§ Task goal
Examine each line of the data, and copy the ones containing "Picture".

(Short text fragments from websites)
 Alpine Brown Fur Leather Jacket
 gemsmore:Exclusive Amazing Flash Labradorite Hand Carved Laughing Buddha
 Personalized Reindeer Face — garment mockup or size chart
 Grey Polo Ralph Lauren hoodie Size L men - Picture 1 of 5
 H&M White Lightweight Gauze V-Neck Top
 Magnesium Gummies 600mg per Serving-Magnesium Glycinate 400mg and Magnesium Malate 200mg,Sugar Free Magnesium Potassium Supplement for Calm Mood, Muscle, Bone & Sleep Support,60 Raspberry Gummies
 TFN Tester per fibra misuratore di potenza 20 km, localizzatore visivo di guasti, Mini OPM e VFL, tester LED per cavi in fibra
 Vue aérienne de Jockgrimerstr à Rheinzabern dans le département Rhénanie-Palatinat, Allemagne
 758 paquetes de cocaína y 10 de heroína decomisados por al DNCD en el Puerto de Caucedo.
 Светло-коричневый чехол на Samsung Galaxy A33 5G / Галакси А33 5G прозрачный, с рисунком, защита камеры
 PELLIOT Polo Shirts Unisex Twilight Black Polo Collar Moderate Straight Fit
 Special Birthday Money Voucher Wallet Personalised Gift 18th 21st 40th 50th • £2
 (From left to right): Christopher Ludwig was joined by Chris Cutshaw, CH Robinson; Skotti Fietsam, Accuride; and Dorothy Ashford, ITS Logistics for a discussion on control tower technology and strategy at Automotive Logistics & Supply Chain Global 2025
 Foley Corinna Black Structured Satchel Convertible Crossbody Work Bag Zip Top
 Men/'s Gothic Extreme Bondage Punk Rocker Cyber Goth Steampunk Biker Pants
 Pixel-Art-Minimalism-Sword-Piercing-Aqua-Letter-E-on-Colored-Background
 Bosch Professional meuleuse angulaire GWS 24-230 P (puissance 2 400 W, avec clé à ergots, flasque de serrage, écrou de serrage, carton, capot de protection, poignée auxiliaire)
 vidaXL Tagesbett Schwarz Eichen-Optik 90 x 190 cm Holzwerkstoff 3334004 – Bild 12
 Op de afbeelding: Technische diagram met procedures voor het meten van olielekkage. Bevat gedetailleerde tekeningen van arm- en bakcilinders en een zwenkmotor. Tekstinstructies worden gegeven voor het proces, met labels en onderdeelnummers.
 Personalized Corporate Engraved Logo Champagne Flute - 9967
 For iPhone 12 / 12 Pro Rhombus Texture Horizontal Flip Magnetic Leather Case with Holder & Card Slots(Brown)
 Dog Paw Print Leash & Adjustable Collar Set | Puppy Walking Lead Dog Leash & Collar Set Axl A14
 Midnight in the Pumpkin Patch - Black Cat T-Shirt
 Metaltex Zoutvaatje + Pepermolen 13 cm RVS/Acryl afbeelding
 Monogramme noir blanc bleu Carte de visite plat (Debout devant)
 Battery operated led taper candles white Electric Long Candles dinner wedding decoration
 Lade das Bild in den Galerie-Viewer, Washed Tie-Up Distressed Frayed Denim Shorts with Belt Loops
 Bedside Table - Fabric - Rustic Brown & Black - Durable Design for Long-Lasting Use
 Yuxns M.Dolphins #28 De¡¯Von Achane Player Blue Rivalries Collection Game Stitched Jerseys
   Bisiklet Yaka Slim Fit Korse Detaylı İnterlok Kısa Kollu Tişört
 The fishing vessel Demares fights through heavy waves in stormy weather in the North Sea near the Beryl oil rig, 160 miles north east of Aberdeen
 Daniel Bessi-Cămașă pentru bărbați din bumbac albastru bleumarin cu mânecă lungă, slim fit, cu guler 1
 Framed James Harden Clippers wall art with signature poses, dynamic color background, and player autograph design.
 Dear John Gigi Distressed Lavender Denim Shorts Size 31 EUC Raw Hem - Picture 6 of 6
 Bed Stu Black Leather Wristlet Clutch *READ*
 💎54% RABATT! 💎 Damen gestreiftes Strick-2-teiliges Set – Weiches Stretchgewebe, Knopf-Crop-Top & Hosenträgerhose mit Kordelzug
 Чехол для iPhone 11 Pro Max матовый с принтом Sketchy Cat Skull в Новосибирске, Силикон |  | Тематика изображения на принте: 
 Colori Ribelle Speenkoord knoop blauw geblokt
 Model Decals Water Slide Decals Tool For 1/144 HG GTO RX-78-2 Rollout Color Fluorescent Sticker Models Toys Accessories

§ Answer for the task
 Grey Polo Ralph Lauren hoodie Size L men - Picture 1 of 5
 Dear John Gigi Distressed Lavender Denim Shorts Size 31 EUC Raw Hem - Picture 6 of 6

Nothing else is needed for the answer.